= TASK STATEMENT =
Return each record word for word, keeping none of its pictures.

──────────────────────────────

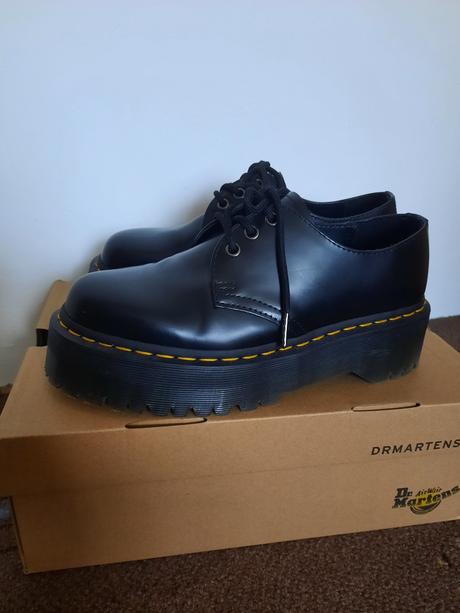 Dr. martens 1461 quad koža 39, 39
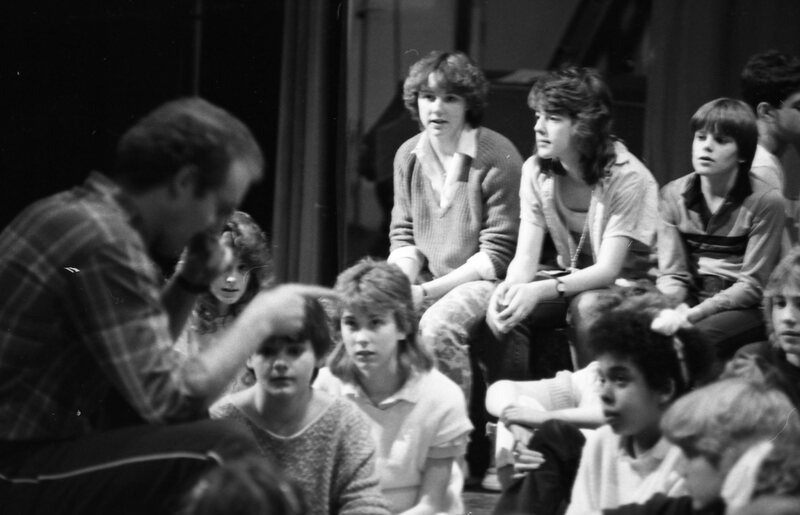 1986 Play, "Snow White" 05
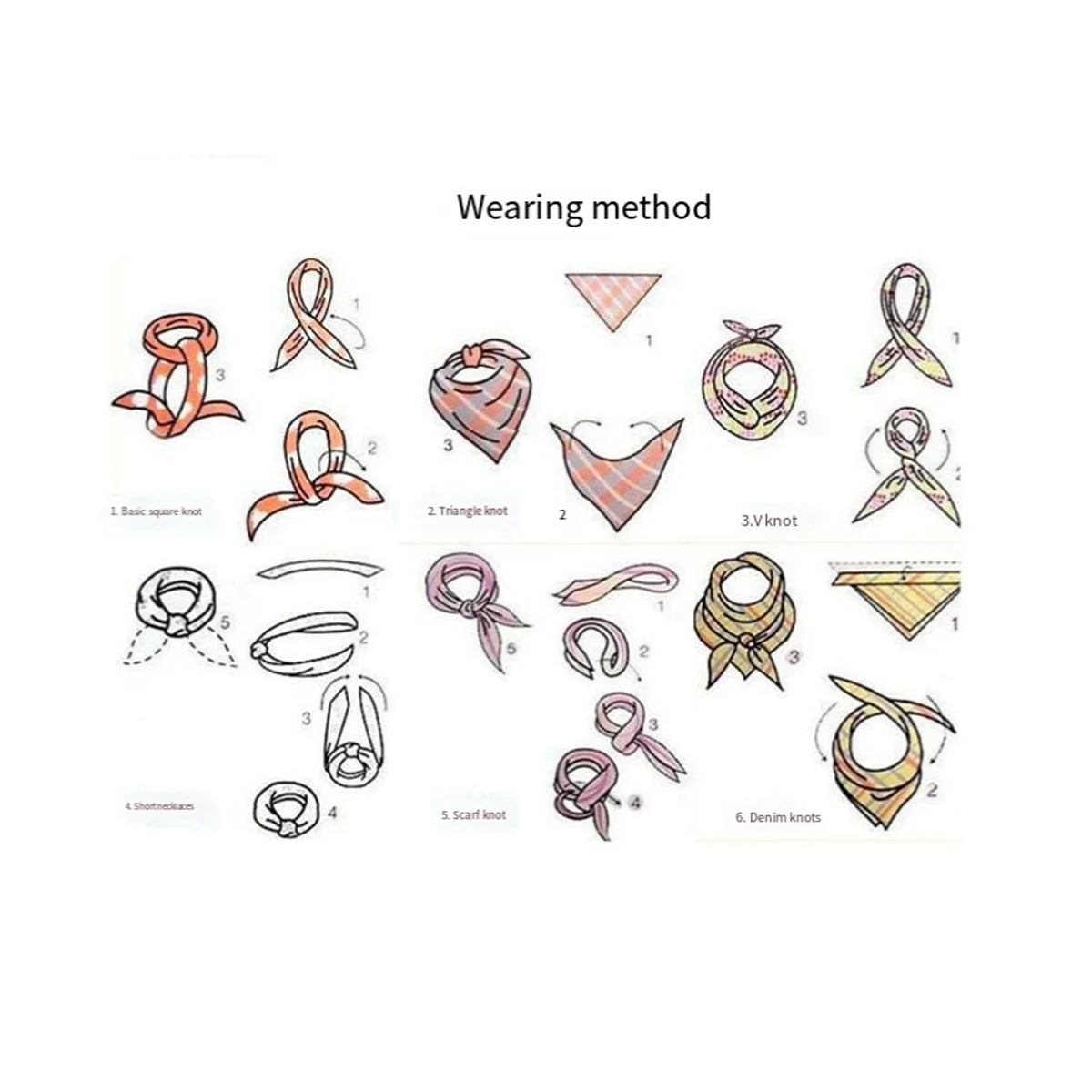 

2 шт./упаковка, бандана для собак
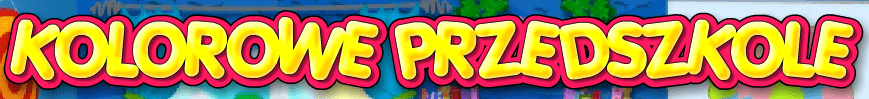 Kolorowe przedszkole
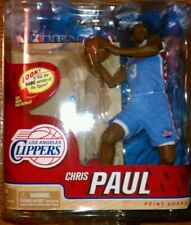 Chris Paul Mcfarlane Figure L.A. Clippers Chase Variant Mint Series 21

──────────────────────────────

= SOLVED EXERCISE =
 Dr. martens 1461 quad koža 39, 39
 1986 Play, "Snow White" 05

2 шт./упаковка, бандана для собак
 Kolorowe przedszkole
 Chris Paul Mcfarlane Figure L.A. Clippers Chase Variant Mint Series 21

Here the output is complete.